New YouTube video, which shows the watch in a few different light conditions. I think some of us were concerning the shades of blue. This might provide some idea.


----------



## FondOfWatches (Aug 4, 2014)

Hi mates, do we know if the latest standard steel bracelet for the speedy pro (ref 1958/957) will fit this new Snoopy case?
It seems that the bracelet of the Apollo 11th 50th anniversary is a good fit, but is less common by far... Cheers


----------



## Apoptosis (Dec 13, 2009)

This thread is pretty dead. Has nobody received theirs yet? (silly question I guess - would be posts if so!) I vaguely remember something about a November '20 being trickling in date?


----------



## premoon (Sep 22, 2010)

Production has been impacted by Kung-Flu 19, so we cannot expect to see this beauty landing in OB before couple of months...even probably May/June........this added to the probable Daytona Game Omega's intention to play, so we are going to 18 months delay, same as for the Apollo 17 45th Anniversary.
But for sure, the few pieces landing in OB, wont be on display, as they are already booked for people seating in a HUGE waiting list.......


----------



## KingKitega (Jul 3, 2017)

Spoke to the Trafford OB today and they said they've not even seen one yet (or the new moonwatch). Said only the main London Omega boutique had received any Snoopys so far in the UK.
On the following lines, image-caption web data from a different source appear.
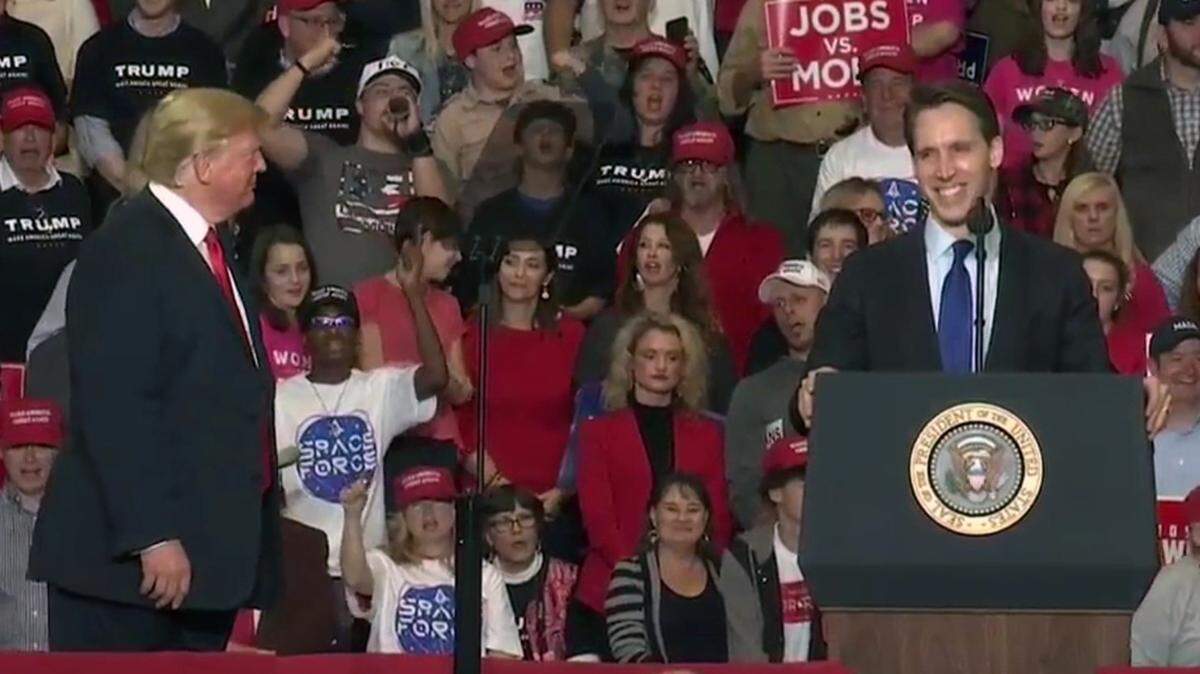 He baited a Missouri crowd to scream, “Lock her up!” about Hillary Clinton. Now he’s concerned about due process?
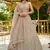 Impressive Beige Dori Work Satin Wedding Wear Lehenga Choli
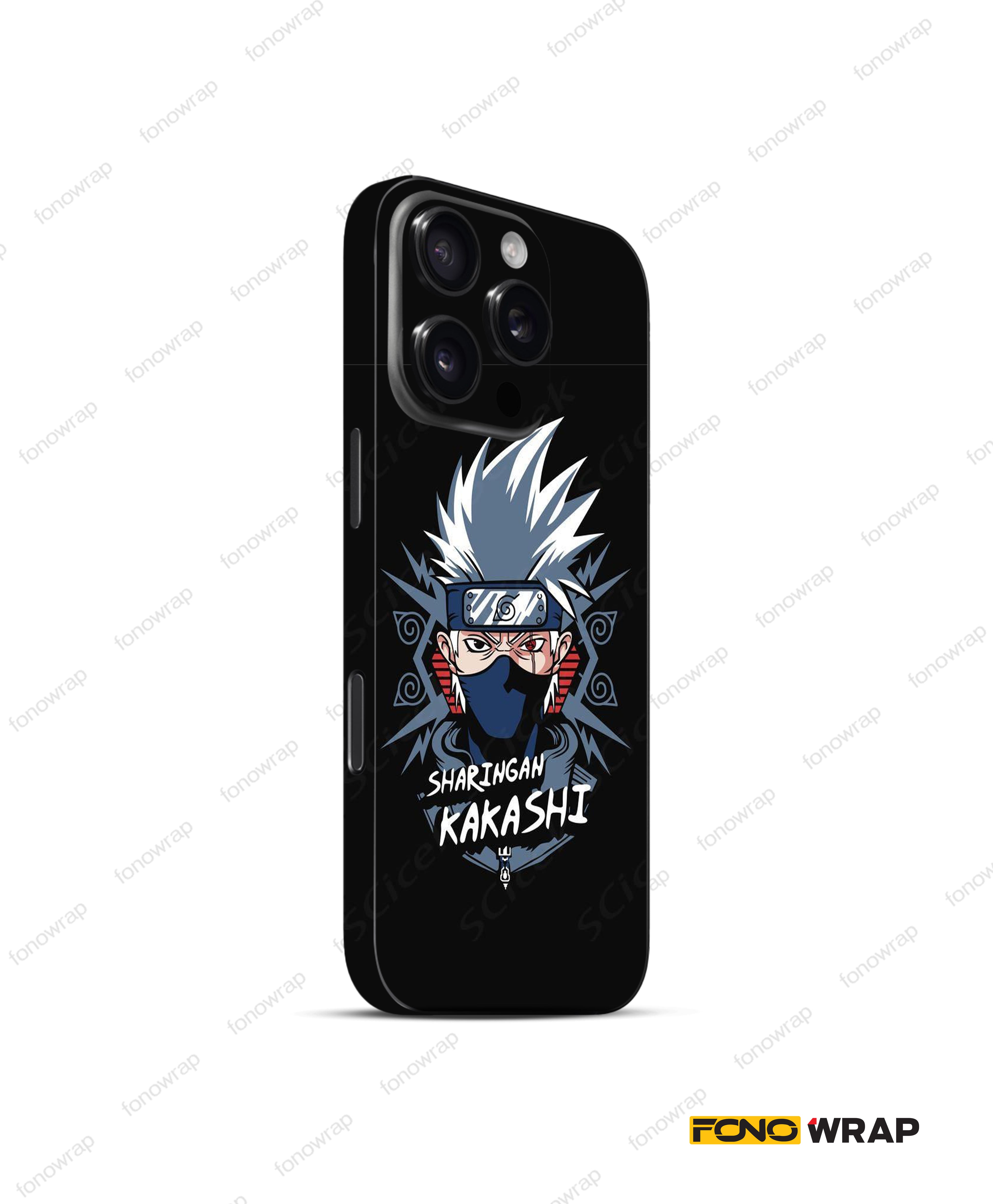 Kakashi Hatake Naruto 3D Embossed Mobile Skin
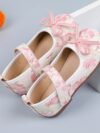 cocobee-Girls Enchanting Princess Shoes with Elegant Pink Bow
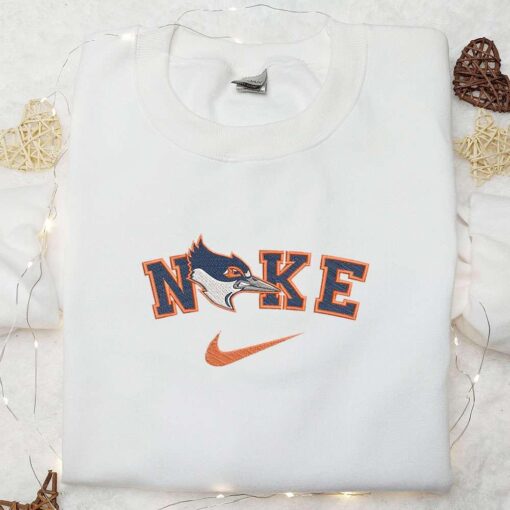 Illinois Fighting Illini x Nike Embroidered Shirt NCAA Sports Embroidered Hoodie Best Gift Idea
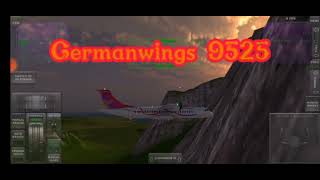 Germanwings 9525 recriado no Turboprop Flight Simulator [upl. by Saul738]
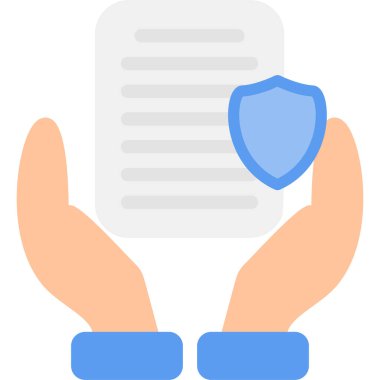 İnsan Hakları Politikası Düz Simgesi, Basit Tasarımlı Vektör İllüzyonu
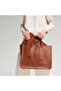 Women's Bag Pure Maxi Size Large Women's Handbag with Accessories - Matte Tan - 4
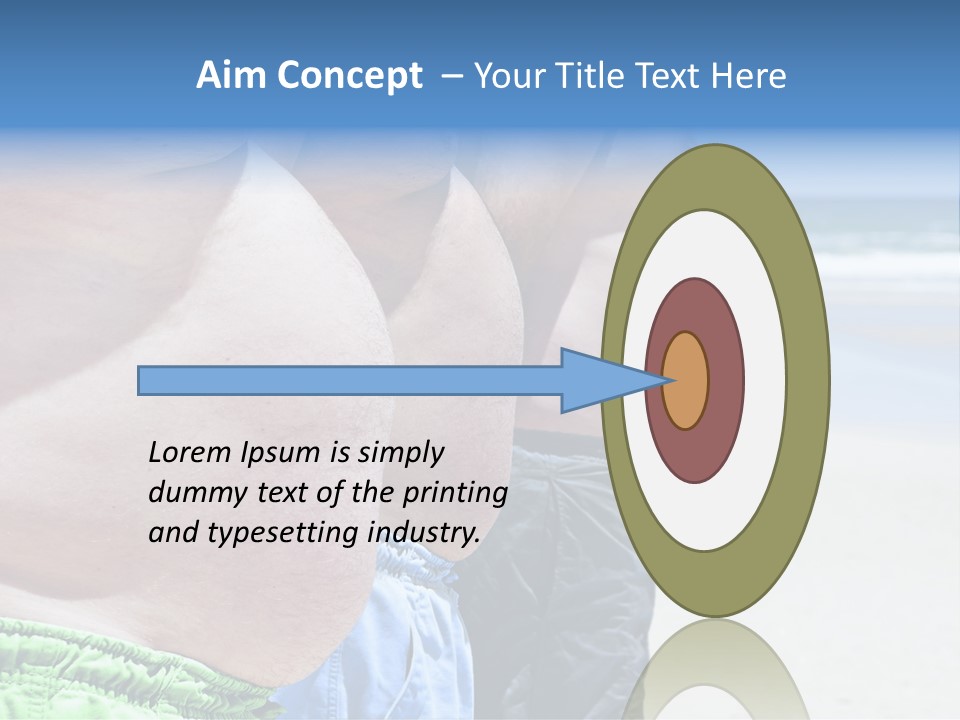 Waistline Lifestyle Overweight PowerPoint Template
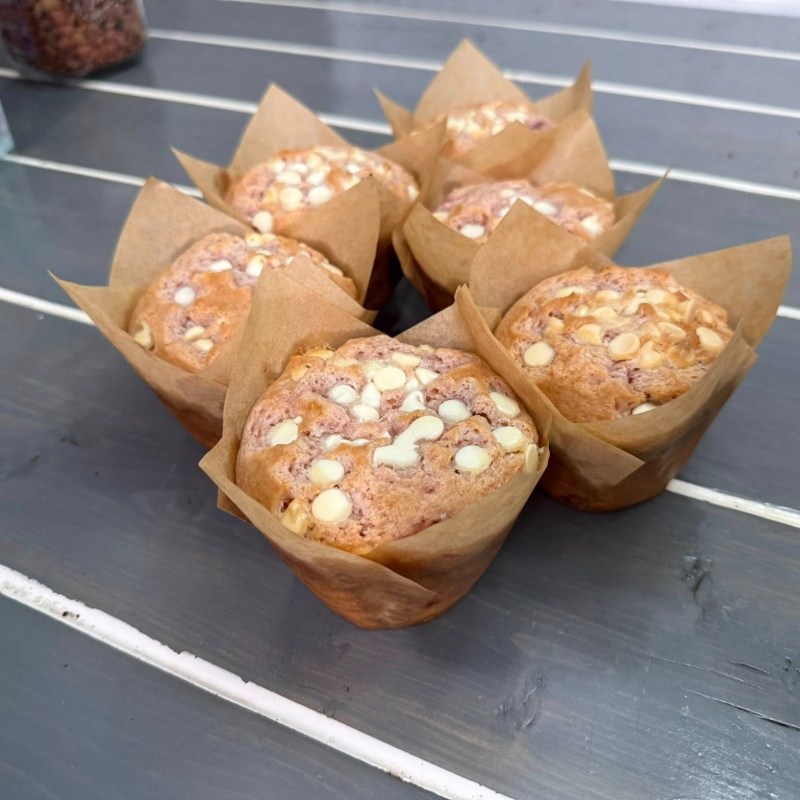 Photo of Strawberry White Chocolate Muffins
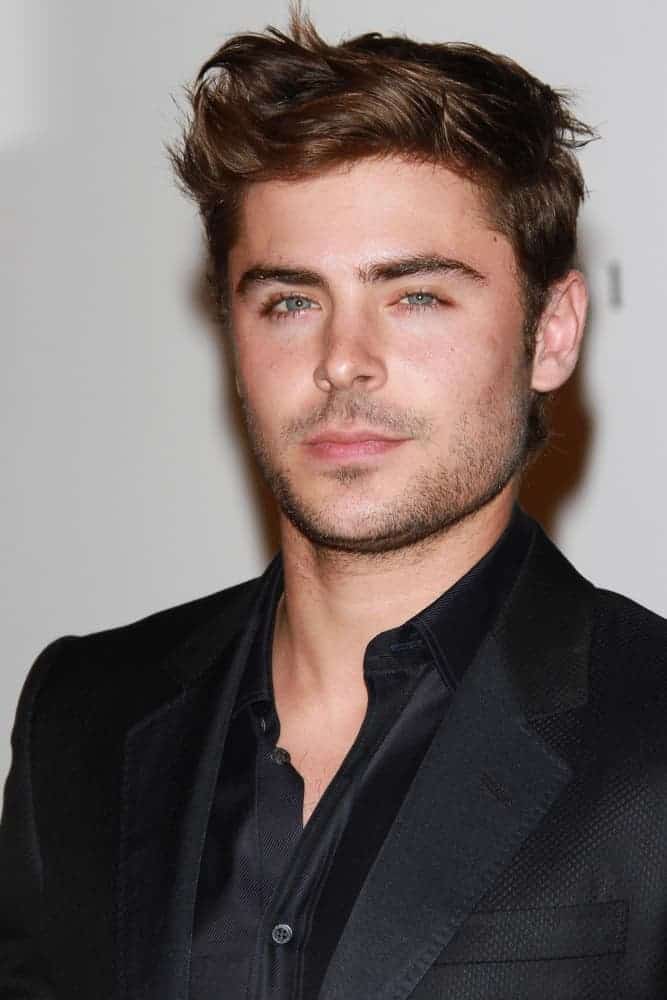 The actor looked debonair with short, side-swept quiff as he attends the LACMA Art + Film Gala Honoring Clint Eastwood and John Baldessari on November 5, 2011.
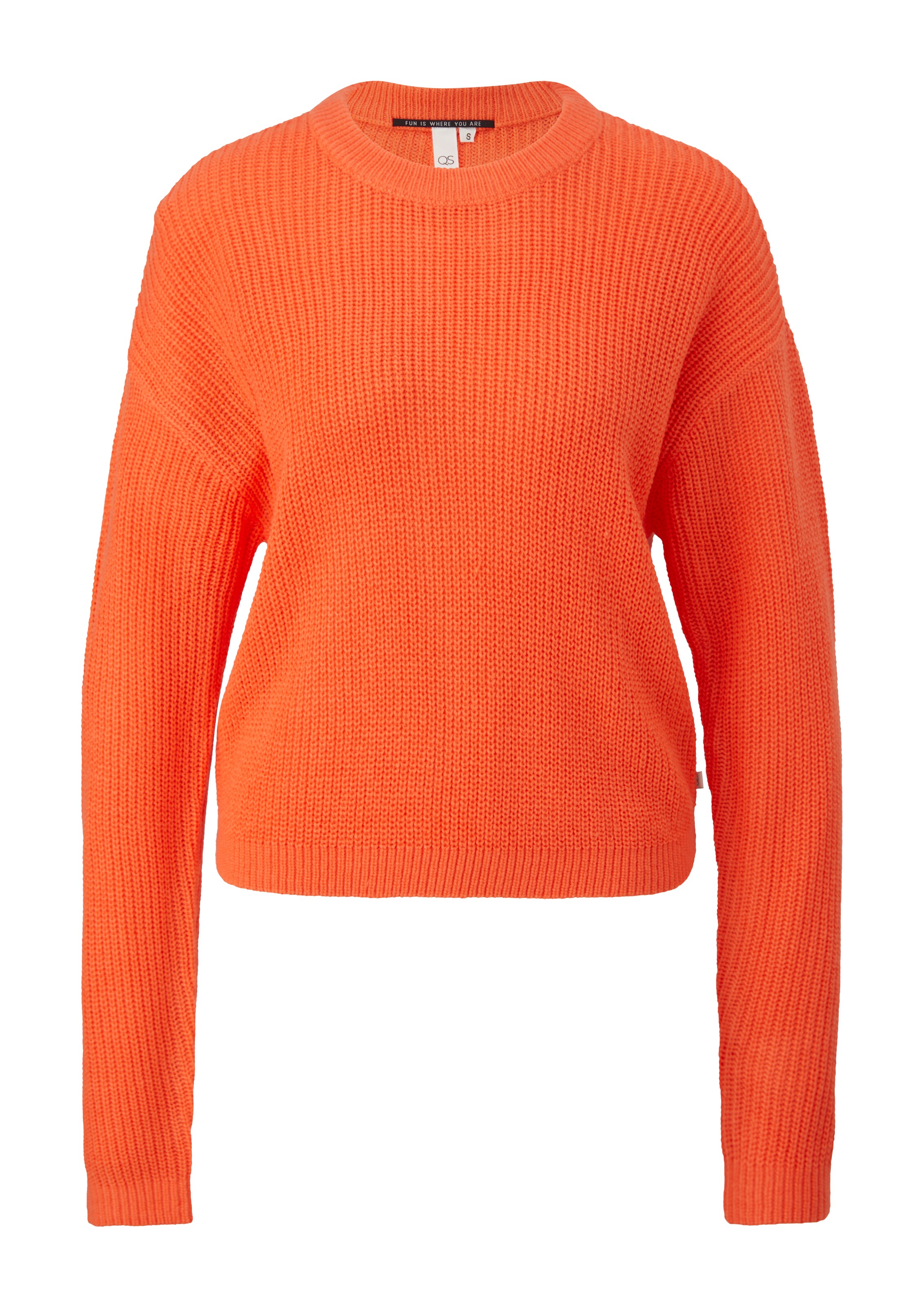 QS Pullover in Orange: Vorderseite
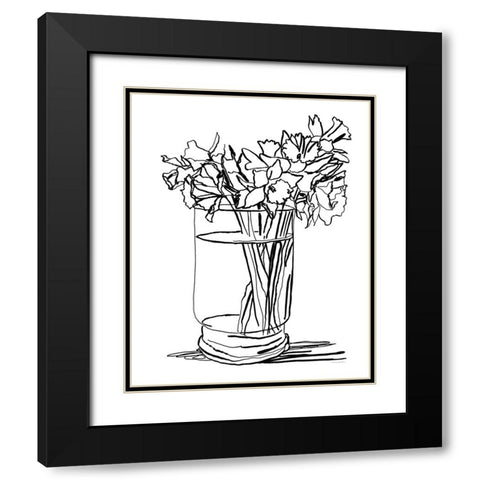 A Little One Sided Black Modern Wood Framed Art Print with Double Matting by Kamdon Kreations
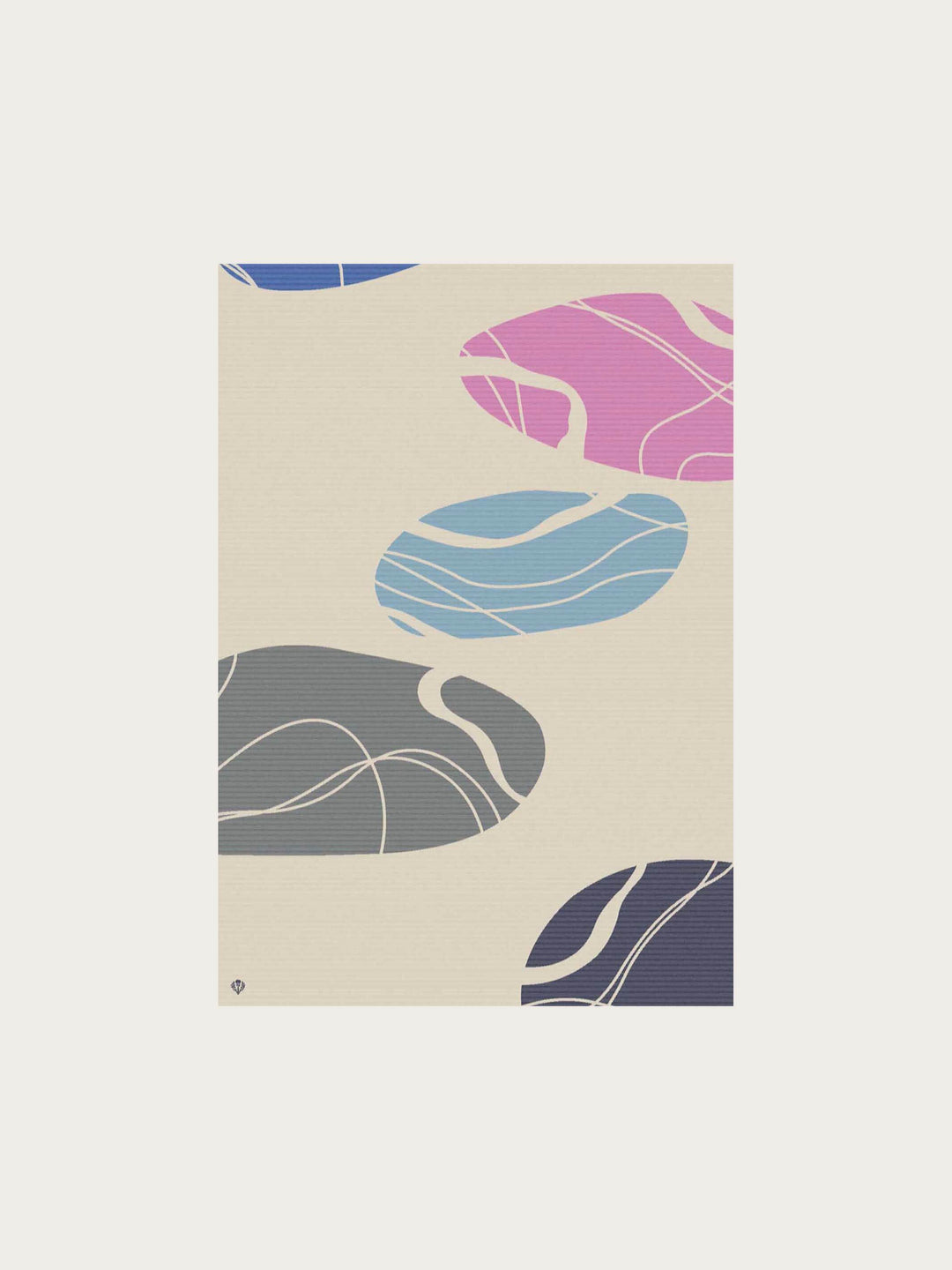 Sustainability Edition - Cashmink-Decke mit Kieselstein-Design - Made in Germany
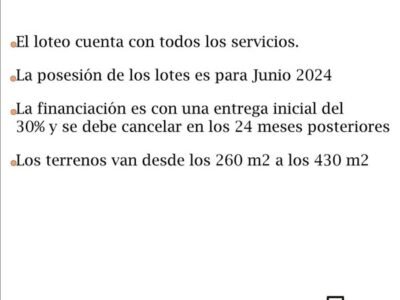 Loteo La Sebastiana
Is this what others have experienced?

Sent from my EVR-L29 using Tapatalk


----------



## petay993 (Jan 11, 2011)

KingKitega said:


> Spoke to the Trafford OB today and they said they've not even seen one yet (or the new moonwatch). Said only the main London Omega boutique had received any Snoopys so far in the UK.
> 
> Is this what others have experienced?
> 
> Sent from my EVR-L29 using Tapatalk


I am on the list at the TC Boutique as well.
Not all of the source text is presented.